So, let's get started with those books.
So, first up, continuing on with a, uh, a set of books that I have been really, really greatly enjoying, um, we have On the Calculation of Volume, Volume 4, by Solveig Baller and translated by, where are they? Uh, Sofia Hersey Smith and Jennifer Russell. Um, and so this book continues on with a path of this, and I I absolutely get it. For some people the first book or two didn't necessarily work, so they might not necessarily be here at book four. Totally fine. Uh, feel free to skip to the next book if that is the case. Um, but for me, I think the series just keeps on taking new and unexpected turns. Um, so the the whole premise of the book, at least from the first book, was that we have a character, Tara Salter, who wakes up one day and realizes that she is trapped in the day of November the 18th.

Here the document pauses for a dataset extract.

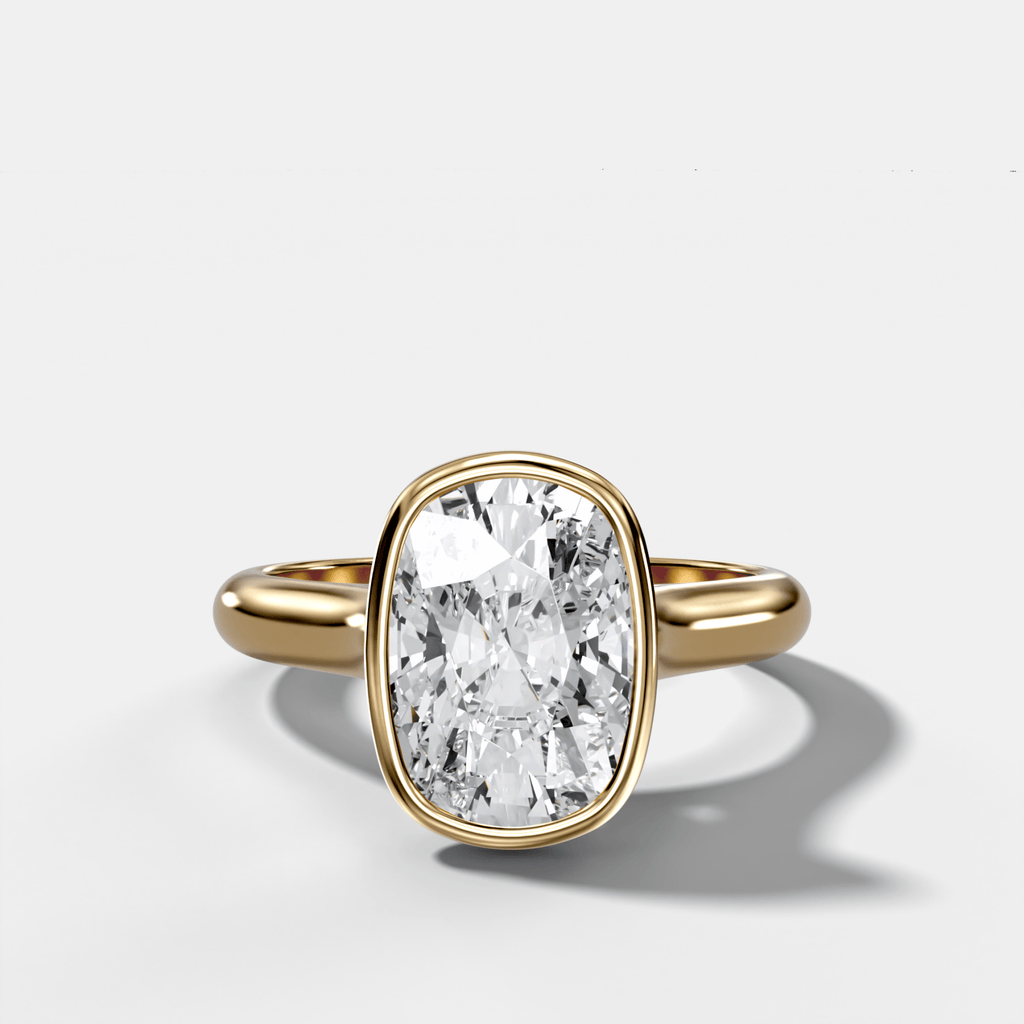 Cathedral Bezel Set Solitaire Engagement Ring With Elongated Cushion Diamond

And, um, in the first book she very much is just staying in her local area and is trying to understand a little bit more about what it might mean to be stuck forever in that day. She starts having these philosophical conversations. She starts thinking a bit more broadly about what this might mean for her for her future life and for the world and for many other things. Um, [snorts] in the second book she starts to travel a bit more. She starts to get to a place where she is, um, exploring the world and seeing how that repetition of the day works in different places, and she also has a craving to see the snow and to see the heat. Um, book three she starts to meet other people who are like her. And book four she's a lot more enmeshed in being around those people. Um, this is a book that has a surprising amount of committee meetings, but it's surprisingly funny. Um, so she spends a lot of time with people who are also trapped in the same day.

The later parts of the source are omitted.